Afghanistan : les arrestations arbitraires de journalistes se multiplient
Au moins 12 journalistes ont été arrêtés ou interpellés dans le pays, au mois de mai, alors que les talibans ont annoncé la mise en place d’un système censé les protéger. Reporters sans frontières (RSF) condamne fermement ces arrestations arbitraires et demande au gouvernement des talibans de respecter leurs engagements pour la protection des journalistes et la loi sur la presse.
Le 19 mai, lors d’une cérémonie dédiée à la liberté de la presse organisée par la nouvelle Fédération des journalistes et des médias d'Afghanistan et le ministère de l'Information et de la Culture, plusieurs responsables d’associations locales ont évoqué les difficultés des journalistes et des médias. Ils ont notamment pointé “le manque d'accès à des informations exactes”, “le manque de liberté d'expression”, “les problèmes économiques des médias du pays”, ainsi que “le comportement agressif des forces de l’ordre de l'Émirat islamique avec les travailleurs des médias”. Zabihullah Mujahid, porte-parole de l'Émirat islamique d'Afghanistan et vice-ministre des Publications du ministère de l'Information et de la Culture, a, quant à lui, profité de l’occasion pour annoncer la création, le jour même, de la Commission de vérification des délits des médias et de la Commission pour le droit à l’accès à l'information.

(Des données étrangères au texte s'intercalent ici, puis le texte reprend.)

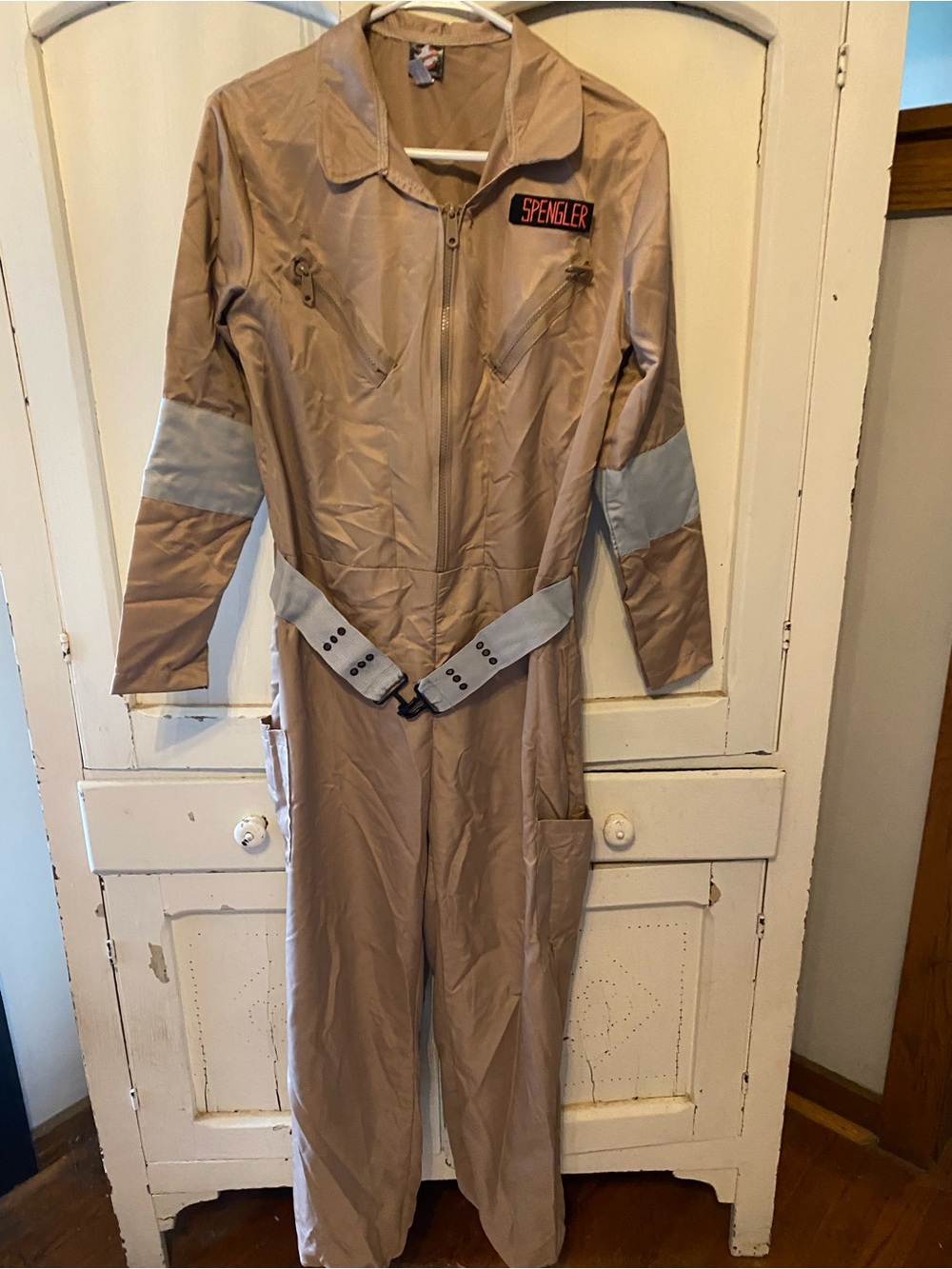 Tan Jumpsuit ghostbusters costume size medium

La Commission de vérification des délits des médias, que réclamaient depuis longtemps les journalistes afghans, pourrait leur offrir un régime plus protecteur, à condition de pouvoir travailler de manière indépendante et d’appliquer la loi sur la presse. Selon celle-ci, les plaintes déposées contre les médias et les journalistes doivent être traitées par la commission avant d’être, le cas échéant, transmises à la justice.

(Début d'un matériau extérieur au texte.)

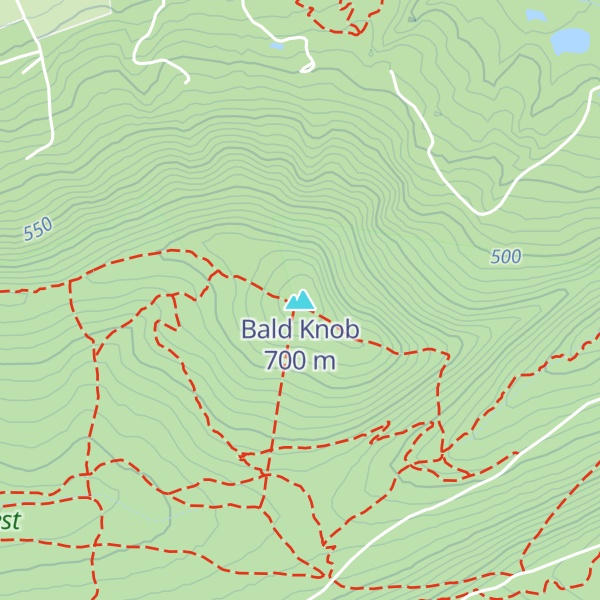 Map of Bald Knob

Pourtant, à ce jour, l’annonce de la création de cette commission n’a pas été suivie d’effet et elle n’a pas empêché les nombreuses arrestations de journalistes. 12 journalistes ont été arrêtés entre le 28 mars et le 29 mai et quatre d’entre eux sont toujours en prison : Khalid Qaderi, poète et journaliste pour la radio Norroz, condamné le 7 mai à un an de prison par un tribunal militaire dans la ville de Hérat (ouest de l’Afghanistan) ; Mirza Hassani, directeur de la radio Sedai Aftab (la voix du soleil) arrêté le 22 mai à Hérat pour “collaboration avec le front de résistance” en détention provisoire ; Jamaluddin Deldar, journaliste pour la radio Gardiz, arrêté le 24 mai, manifestement en raison de la position politique de son père ; Khan Mohammad Sayal, journaliste de Payvasouton TV, arrêté le 10 mai pour “une affaire privée” sans plus d’explication, dans la province d’Oruzgan (centre du pays). Aucun de leur dossier n’a été traité par la Commission de vérification des délits des médias, comme le demande la loi.

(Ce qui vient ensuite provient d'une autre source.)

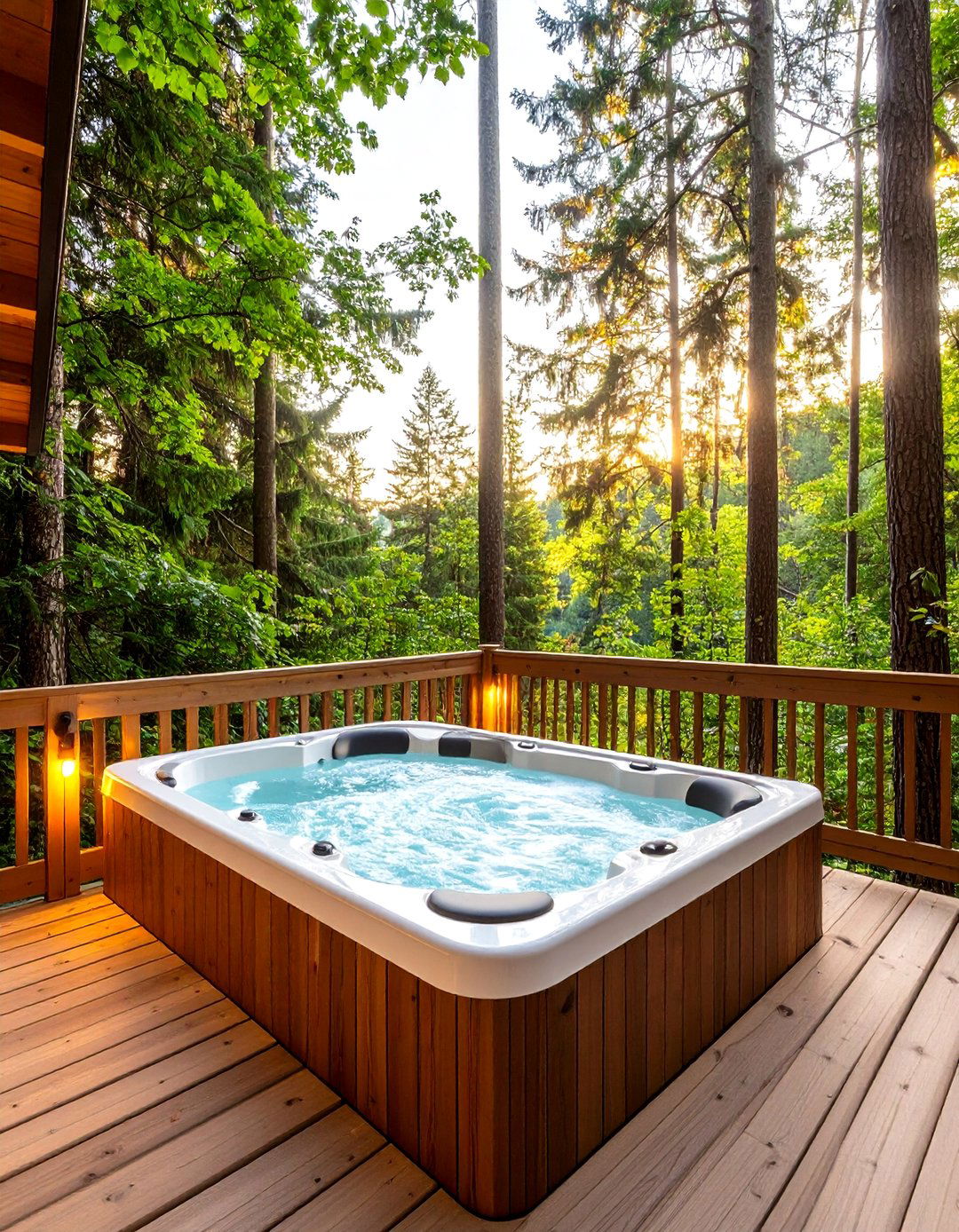 A Forest Bathing Retreat Hot Tub - 30 backyard hot tub ideas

Le 28 mai, Basireh Mosamam, Ologh big Ghafori et Firouz Ghafori, trois journalistes de la province de Faryab (nord du pays), ont eux aussi été arrêtés. Une arrestation faisant suite au dépôt d’une plainte par le directeur local du ministère de l’Information et de la Culture, dont les pratiques de corruption, alors qu’il était vice-directeur local de l’Éducation nationale, avaient été mises au jour par ces journalistes. Un abus de pouvoir qui vient s’ajouter à l’absence de consultation de la commission, car sa première plainte avait été jugée irrecevable. Après sept heures de détention, ils ont été libérés sous caution dans l’attente de leur jugement.
Le 13 mai, Jawad Etemad, journaliste pour l’agence Asvaka News a quant à lui été arrêté par l’Istikhbarat (service de renseignement) alors qu’il couvrait un attentat dans une mosquée à Kaboul, avant d’être libéré deux jours plus tard.
Après une détention de cinq jours, Aliakbar Khairkhawa, journaliste de SubhKabul, a été relâché par des “hommes inconnus”. Selon les informations recueillies par RSF, le journaliste avait été arrêté par une branche de l’Istikhbarat. Le même jour, le journaliste Roman Karimi et son collègue Samiollah, travaillant pour Salam Wadanadr, et Farzad, cameraman local du New York times, ont été interpellés pendant qu’ils couvraient une manifestation de femmes à Kaboul avant d’être libéré après sept heures d'interrogatoire.